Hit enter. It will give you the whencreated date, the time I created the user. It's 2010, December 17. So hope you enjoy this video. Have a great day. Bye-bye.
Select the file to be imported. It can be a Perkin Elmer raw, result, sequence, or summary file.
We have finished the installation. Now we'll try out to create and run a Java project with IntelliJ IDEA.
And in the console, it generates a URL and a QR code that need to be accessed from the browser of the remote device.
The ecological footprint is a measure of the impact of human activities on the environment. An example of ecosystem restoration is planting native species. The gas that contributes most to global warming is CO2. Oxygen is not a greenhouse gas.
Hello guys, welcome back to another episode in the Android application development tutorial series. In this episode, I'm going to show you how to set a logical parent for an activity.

···

__Task goal__:
Copy out the lines above with "that" in them.

__Answer section__:
And in the console, it generates a URL and a QR code that need to be accessed from the browser of the remote device.
The ecological footprint is a measure of the impact of human activities on the environment. An example of ecosystem restoration is planting native species. The gas that contributes most to global warming is CO2. Oxygen is not a greenhouse gas.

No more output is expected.